Problem statement =
After locating the line with "Bed in Domaine de la Touche Mosnay" in the entries below, set down exactly that line and each one after it to the end, skipping pictures.

------ Data ------

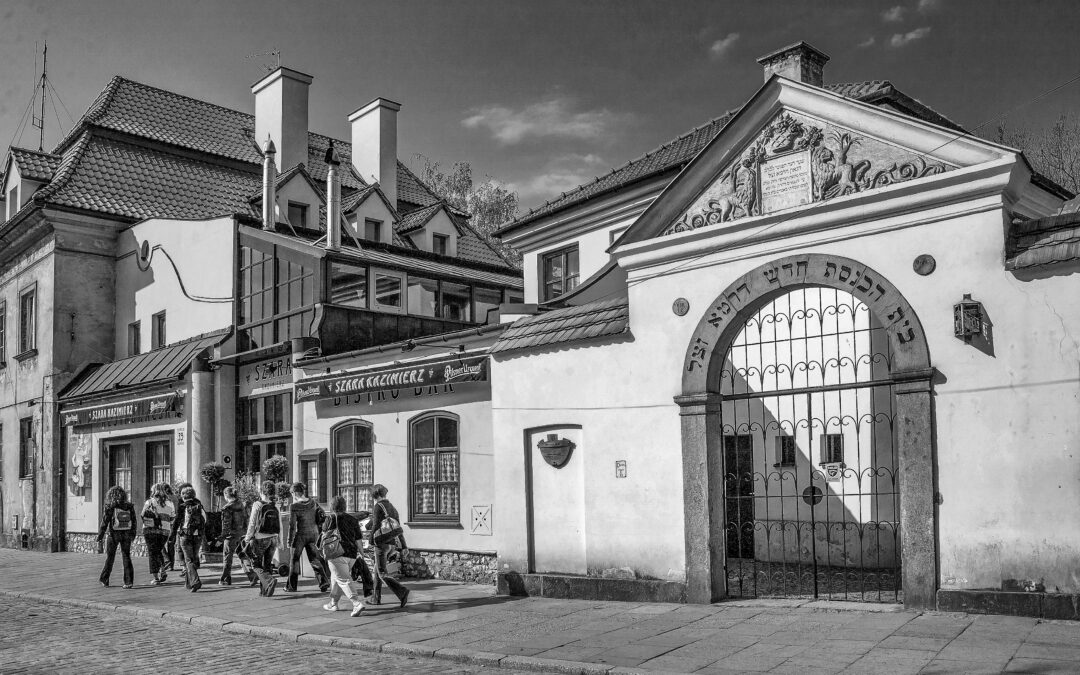 The changing face of Kraków’s former Jewish district Kazimierz in photos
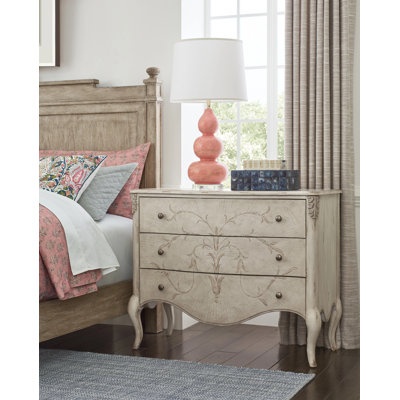 Commode d'appoint Marisca - Crème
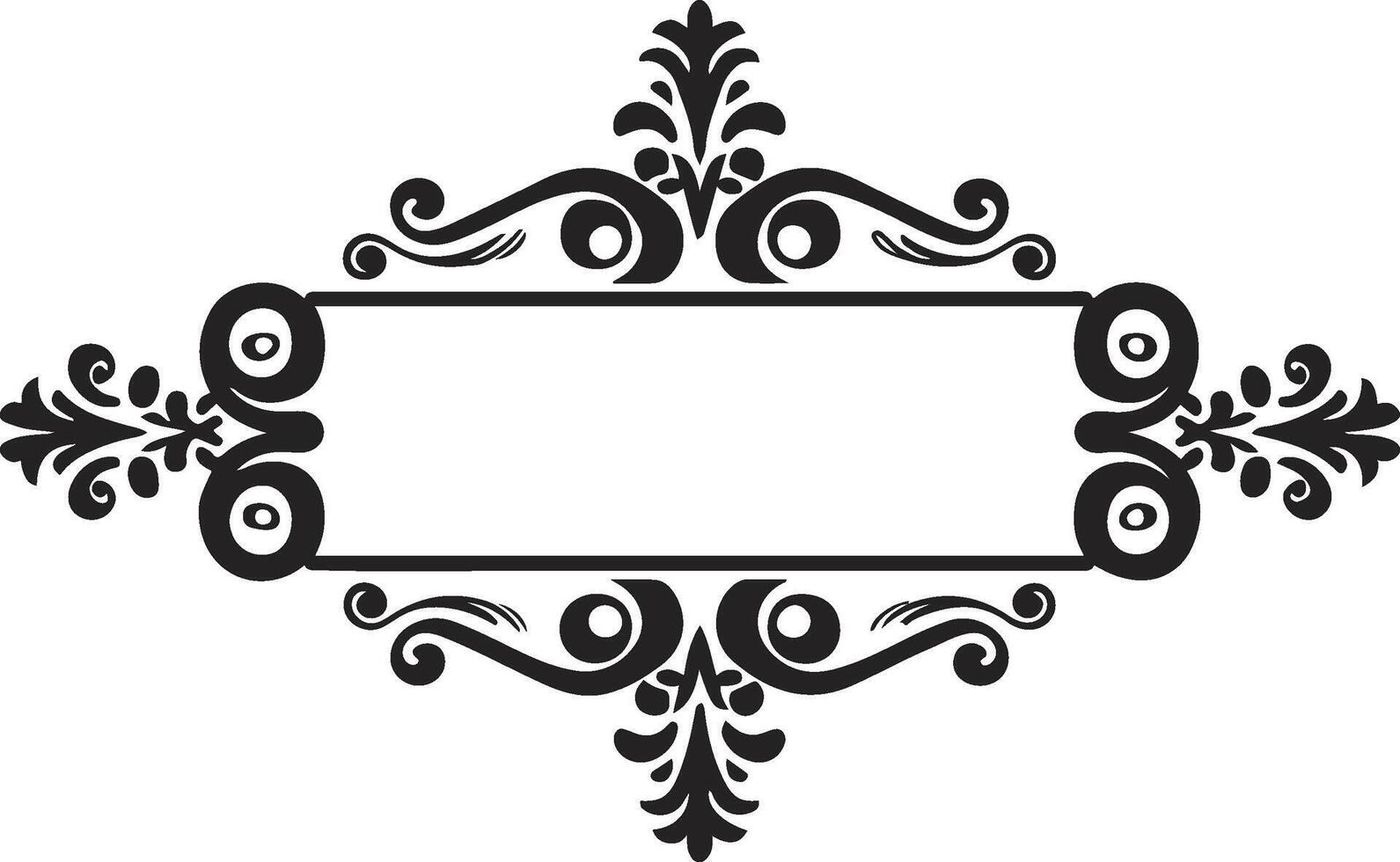 border design element vector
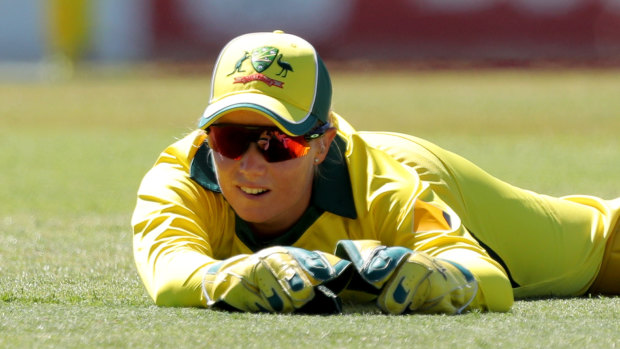Alyssa Healy blasted Australia to victory.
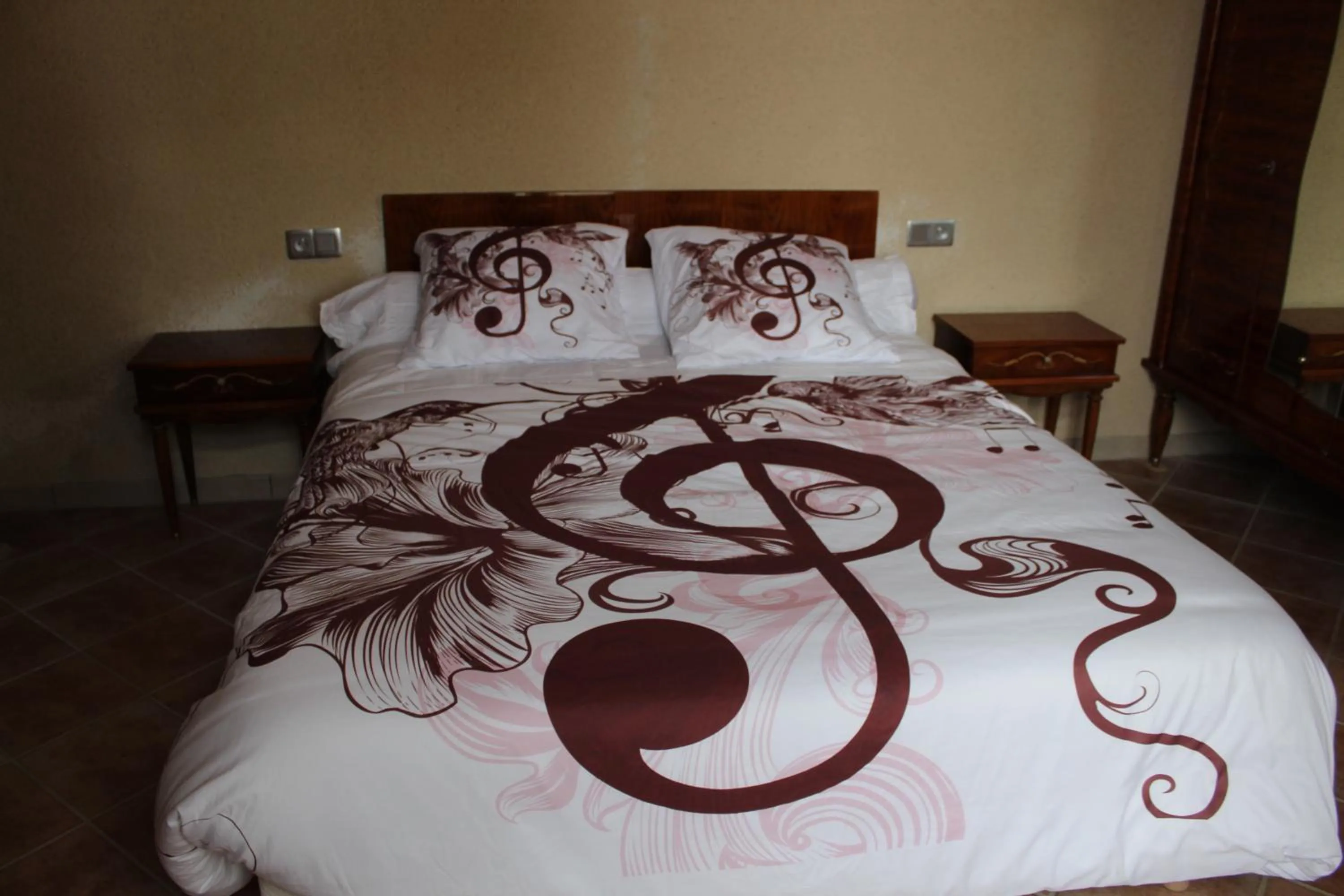 Bed in Domaine de la Touche Mosnay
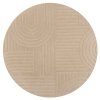 Kusový koberec Solace Zen Garden Natural kruh (Typ 160x160 (průměr) kruh)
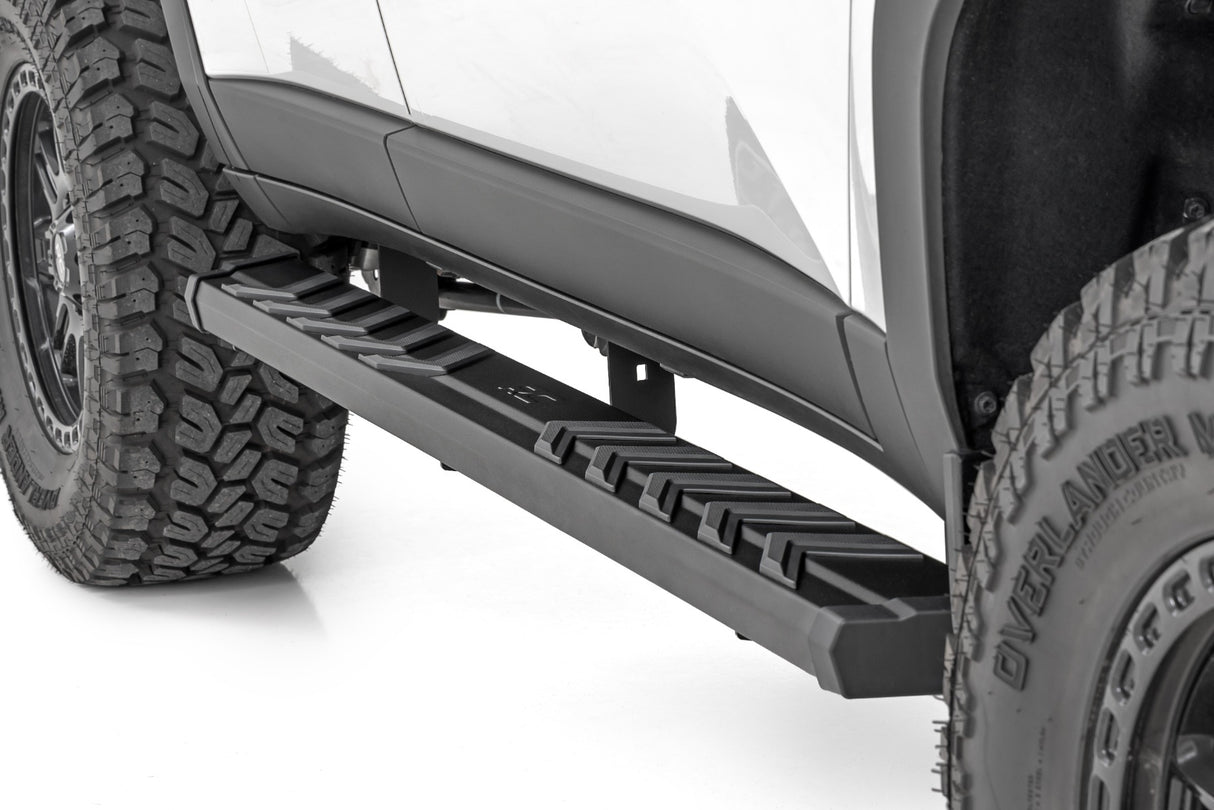 Rough Country BA2 Running Boards for Toyota Land Cruiser 2024-2026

------

Your response =
 Bed in Domaine de la Touche Mosnay
 Kusový koberec Solace Zen Garden Natural kruh (Typ 160x160 (průměr) kruh)
 Rough Country BA2 Running Boards for Toyota Land Cruiser 2024-2026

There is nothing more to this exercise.